Depuis, she’s become the biggest-selling author in her family by far, though Moriaty claims that she and her sisters aren’t competitive about sales. Plutôt, they fight over who gets to use family anecdotes. “There’s definitely rivalry for material… there’s competition to see who can use it first because, bien sûr, once one of us has used it in a book, then it’s off the table.”

If there’s one thing Moriarty’s books might be lacking, it’s diversity. It’s been suggested that she mostly writes about privilege – especially privileged white people. “I think people think that because of the HBO series [Big Little Lies]," elle dit. “I made Celeste glamorous and wealthy, but none of the other characters in that book were particularly wealthy.”

She adds: “I’m sure my books are probably too white … I think that’s a natural tendency for any author to write about characters too similar to themselves. And I think that’s something everybody’s trying to catch themselves out doing. We do need more diversity, et, vraiment, à certains égards, just automatically giving characters similar sort of Irish Catholic names to myself… it really doesn’t take all that much to add more diversity to your cast of characters.”

Moriarty’s new book, ‘Apples Never Fall’, is a dark, twisty and compulsive family saga that is a sort of spiritual sister to ‘Big Little Lies’

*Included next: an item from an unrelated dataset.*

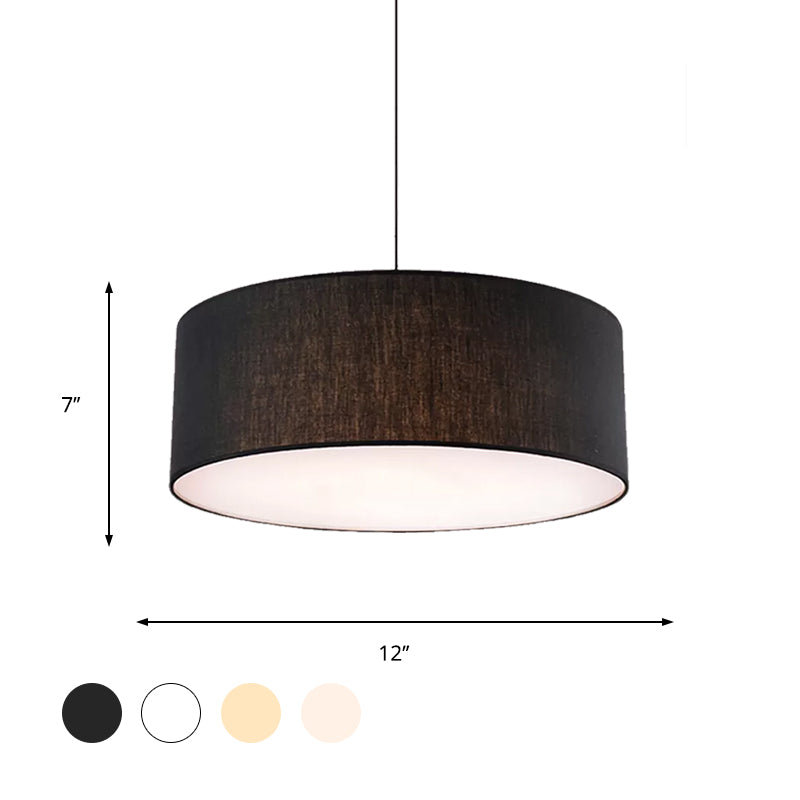 Drum Ceiling Pendant Light Simple Fabric 12"/16"/18" Dia 1 Light White/Black/Beige Hanging Lamp Kit Clearhalo 'Ceiling Lights' 'Modern Pendants' 'Modern' 'Pendant Lights' 'Pendants' Lighting' 598061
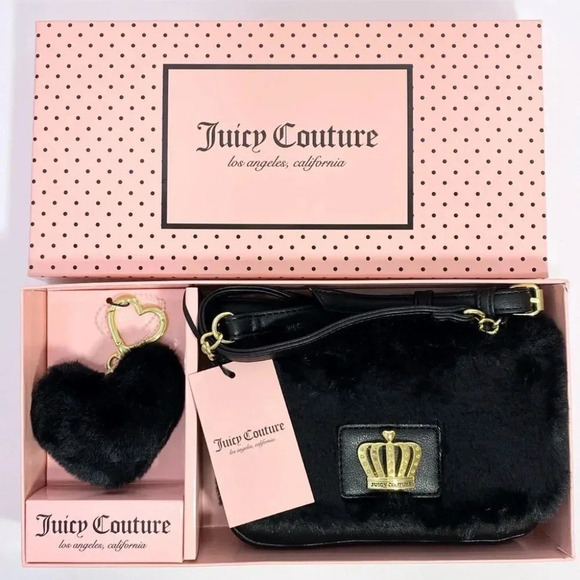 Juicy Couture Black Fur Bag & Heart Pom Pom Keychain Charm Gift Set - Picture 3 of 14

But to even complain about the pressure on writers to get it right, elle dit, “reeks of privilege”. “You have to put all that aside while you’re writing and then just write your story. I appreciate having look-out readers before it goes to print, making sure I’m not offending anyone… which I never meant to.”

With Moriarty being such a word wizard, why doesn’t she write the screenplays to these adaptations herself – like, dire, George R R Martin or Margaret Atwood? “I think I would try to hold on too tightly to my own storyline, and I think that’s a mistake," elle dit. “I don’t think adaptations should be completely faithful to the source material.”

Encore, some changes must bother her. It’s one thing that in TV’s Big Little Lies, Madeline ends up having an affair – something Moriarty’s character in the book would never have done – but what about Kidman’s long flowing locks in Nine Perfect Strangers? She described her in the book as having “almost no hair”.

Moriarty laughs. “But I think it looks so beautiful. It’s quite different… they changed more of the story than they did with Big Little Lies. Maybe it needed more twists.” Will she always take a back seat? She pauses. “I might one day write an original screenplay – that might be fun.”

I can almost hear the sound of A-listers stampeding.